__Recorded data__
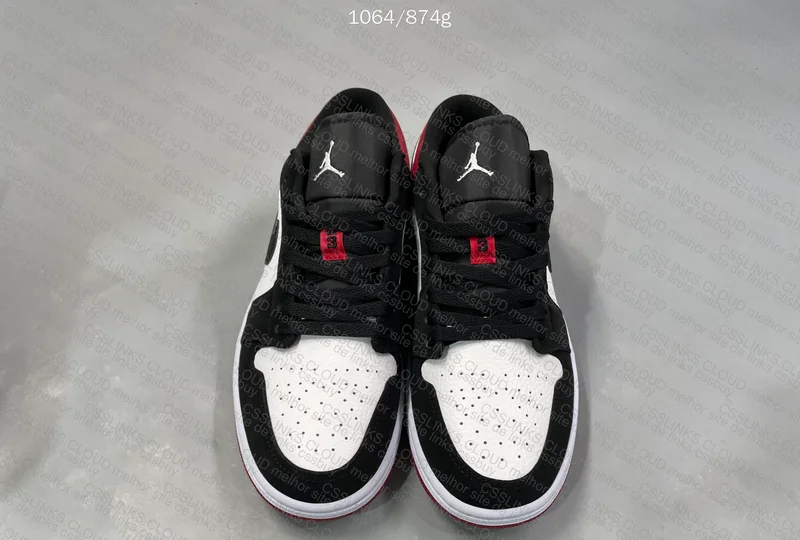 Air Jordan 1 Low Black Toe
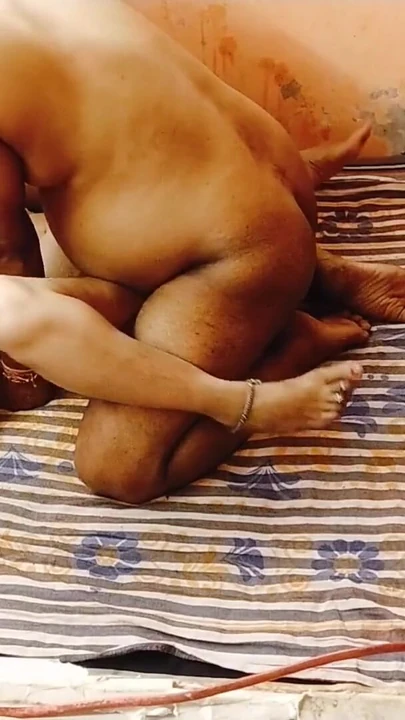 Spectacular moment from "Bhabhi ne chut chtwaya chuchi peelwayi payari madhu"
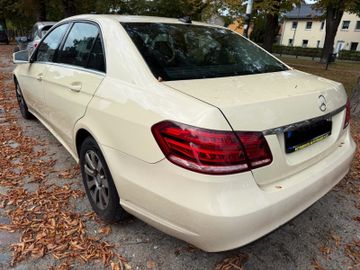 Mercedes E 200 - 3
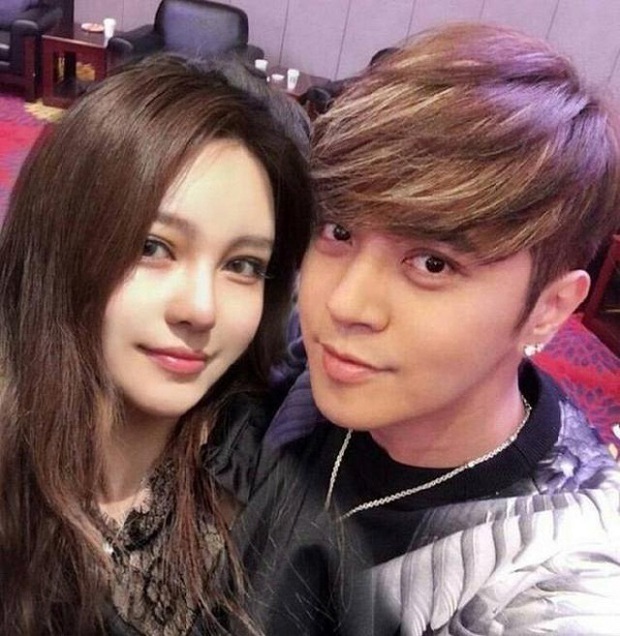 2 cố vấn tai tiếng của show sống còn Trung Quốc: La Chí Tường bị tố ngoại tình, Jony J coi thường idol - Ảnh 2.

__Task item__
From the line containing "Mercedes E 200 - 3" down to the end of the data above, reproduce each line exactly; no pictures.

__Task output__
 Mercedes E 200 - 3
 2 cố vấn tai tiếng của show sống còn Trung Quốc: La Chí Tường bị tố ngoại tình, Jony J coi thường idol - Ảnh 2.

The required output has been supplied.